Nehi, to many men who think that they are not the most handsome around, nor the most accomplished, nor the richest men, those pictures make you look attainable, someone within their price range. Dressed in a Going-to-a-Wedding outfit, standing beside a $45,000 auto you would cut your responses to honest men who could match that and a host of "Maybe-I-Can-Fleece-her" types. 

Now do as Laura says----Go thru all those responses, see if any of them are from men who look real and are someone you might want to put in your "possibles" basket. Then cull, cull, cull. 

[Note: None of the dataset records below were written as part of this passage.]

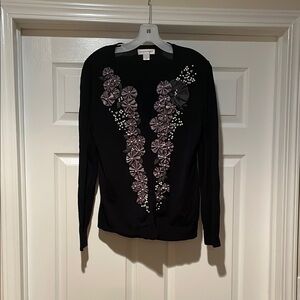 Black Floral Embellished Women's Cardigan by Christopher Banks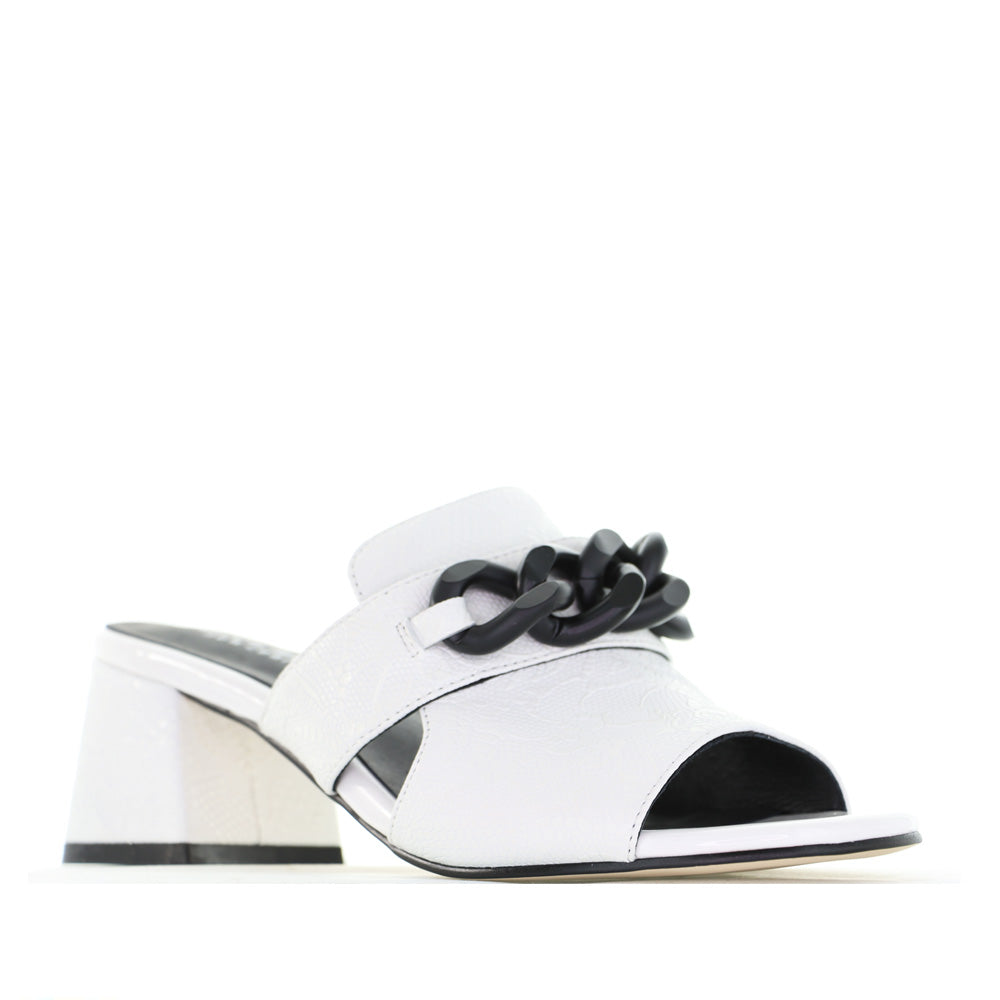 BRESLEY ADDER WHITE EMBOSS - Women Heels - Collective Shoes 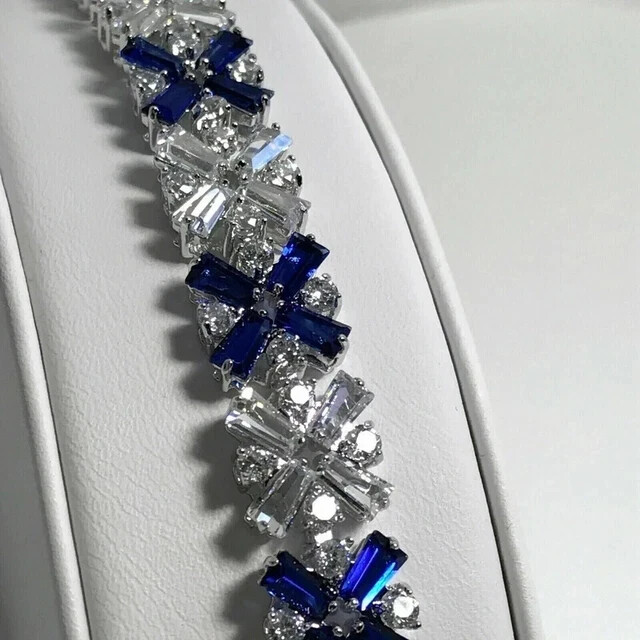 8Ct Round Lab Diamond Tennis Bracelet in 14K White Gold Plated for Women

Remember that culling is far more important for a woman than for a man. How many women here have gone half way across the country to meet a man and found that he was not what they thought. Some of those women lost everything. The man who engages a worthless woman can usually disengage with much less loss. 

Here's wishing you good hunting, but don't string a man along, then break his heart.
Ox


----------



## cindilu (Jan 27, 2008)

doingitmyself said:


> My interest is more in the fact you know how to use it that AA canner you got stashed. Your animal knowledge is interesting, and I do want to know if any of your goats are for eating? If not, would you consider raising some eatin goats? How 'bout chickens you got any eatin ones, or mostly layin ones? Do you have first hand knowledge of stills and their function? Can you p in the woods without being dramatic about it? Do you know about cows? Will you hand me nails,screws, boards, or a beer if I'm too busy building to break and get one for you and myself? These are important questions.....
> 
> The stats I'm interested in is how big of a herd are you planning, how far is the market? How is the market for fresh eggs in your area?
> 
> ...



If a guy asked me those kind of questions I would become very interested in getting to know them much better. Those are the questions that make my head turn and take a second look.


----------



## nehimama (Jun 18, 2005)

I Honest-To-God was not fishing for compliments, or looking for approbation by starting this topic.:ashamed: Just trying my darndest to understand why a metrosexual in a suit & tie, with perfectly moussed & coifed hair & a manicure would show any interest at all in Granny Clampett's sister! :facepalm: 

Many viewpoints help, and I thank all of you for your thoughtful input. You've helped me to look at this in a whole different light.


----------



## nehimama (Jun 18, 2005)

doingitmyself said:


> My interest is more in the fact you know how to use it that AA canner you got stashed. Your animal knowledge is interesting, and I do want to know if any of your goats are for eating? If not, would you consider raising some eatin goats? How 'bout chickens you got any eatin ones, or mostly layin ones? Do you have first hand knowledge of stills and their function? Can you p in the woods without being dramatic about it? Do you know about cows? Will you hand me nails,screws, boards, or a beer if I'm too busy building to break and get one for you and myself? These are important questions.....
> 
> The stats I'm interested in is how big of a herd are you planning, how far is the market? How is the market for fresh eggs in your area?
> 
> ...


These are the kind of questions I like to answer, because I can joyfully and honestly shout, "YES!"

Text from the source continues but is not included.